◆ DIRECTIONS
In the records below, find the line containing "[upl. by Maida887]" and return it together with every later line, exactly as written; pictures are to be omitted.

◆ EXERCISE DATA
-- Opening Marker --

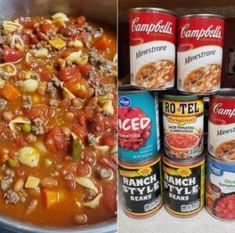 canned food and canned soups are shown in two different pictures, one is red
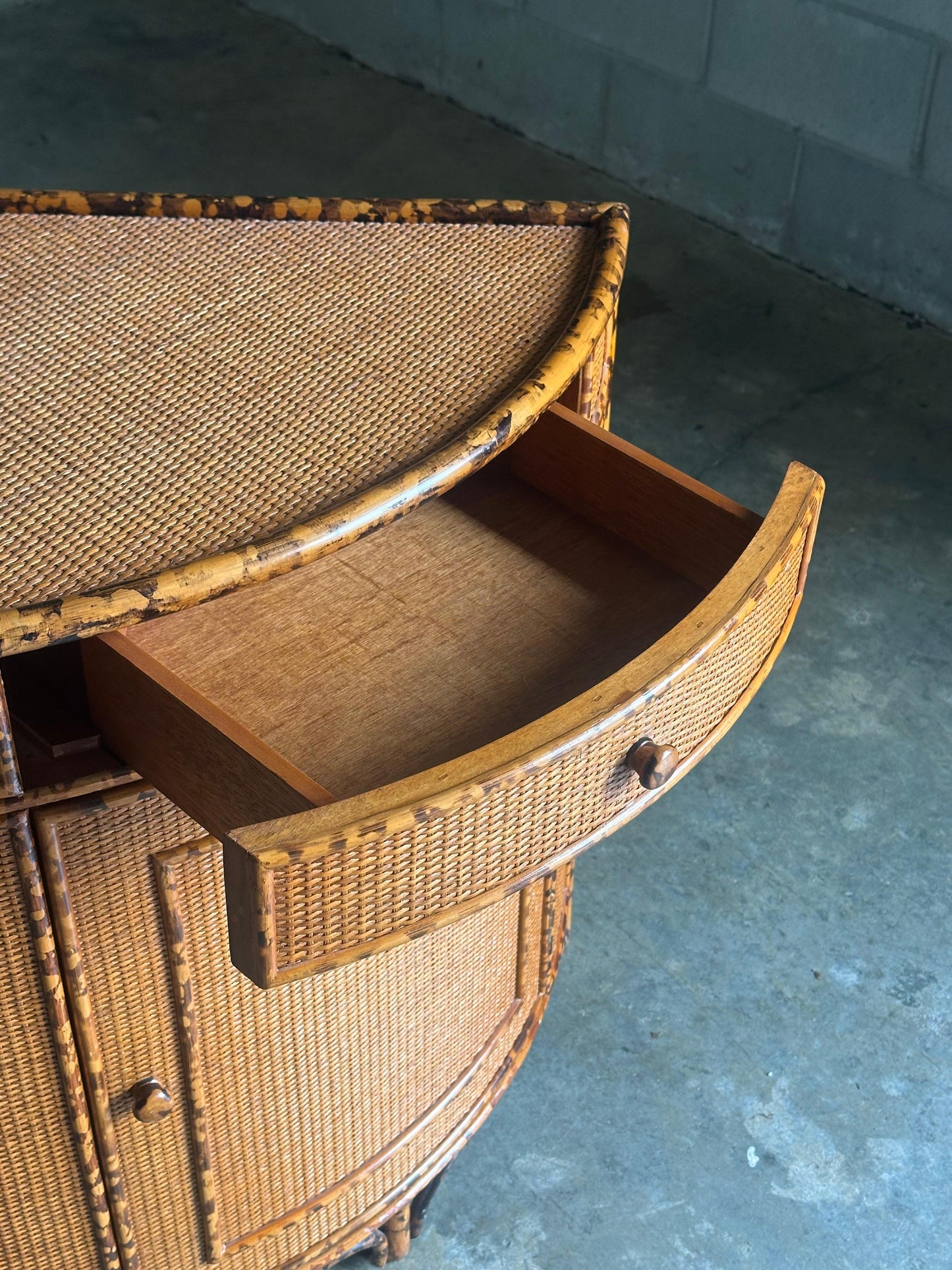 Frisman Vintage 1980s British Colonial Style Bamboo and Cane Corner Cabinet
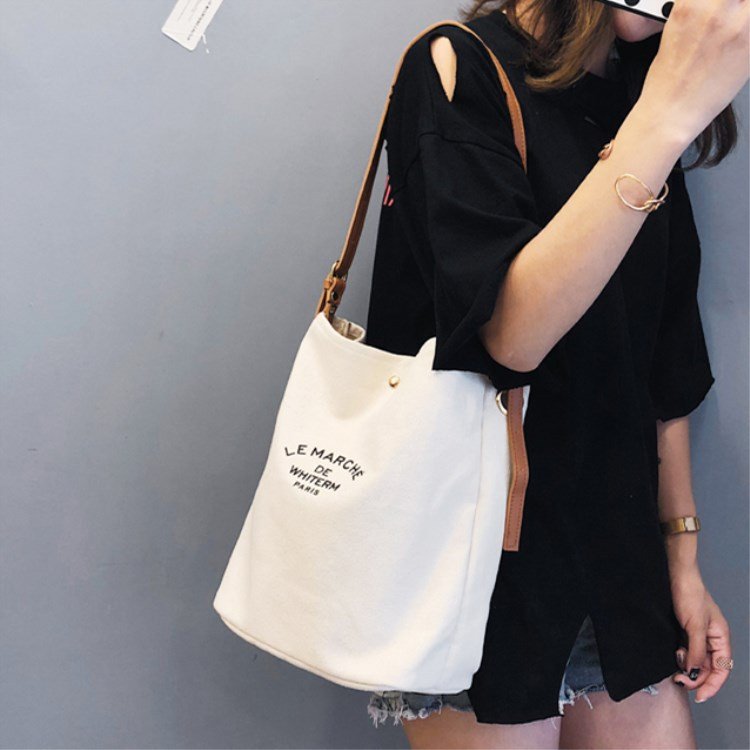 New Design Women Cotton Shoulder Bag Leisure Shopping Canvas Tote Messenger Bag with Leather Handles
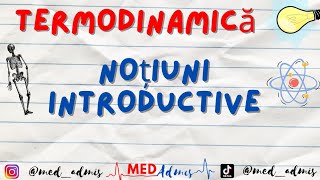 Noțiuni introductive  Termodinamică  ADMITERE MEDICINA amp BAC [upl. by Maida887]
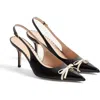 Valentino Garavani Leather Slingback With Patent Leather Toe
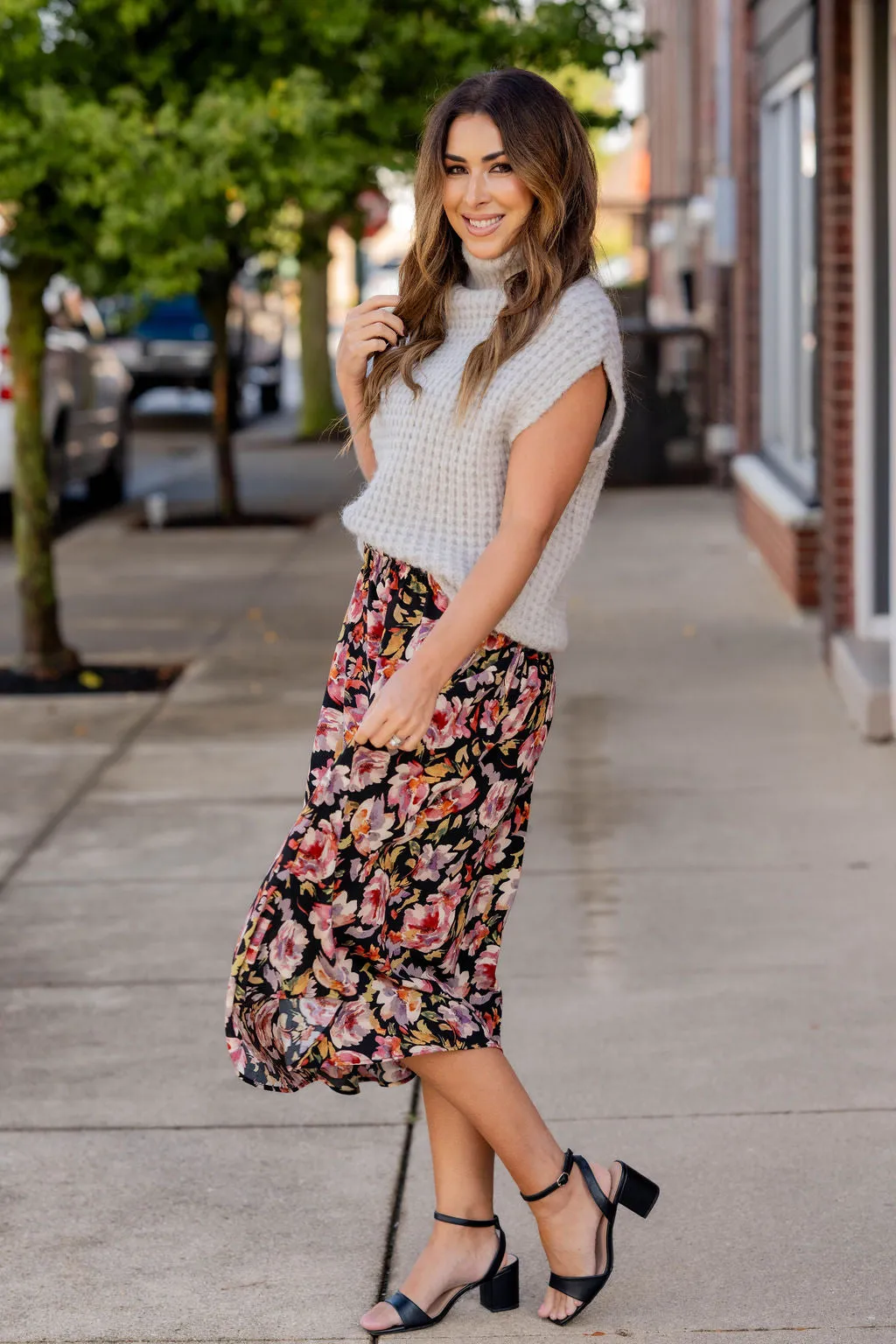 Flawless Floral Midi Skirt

-- Closing Marker --

◆ ANSWER TO THIS TASK
 Noțiuni introductive  Termodinamică  ADMITERE MEDICINA amp BAC [upl. by Maida887]
 Valentino Garavani Leather Slingback With Patent Leather Toe
 Flawless Floral Midi Skirt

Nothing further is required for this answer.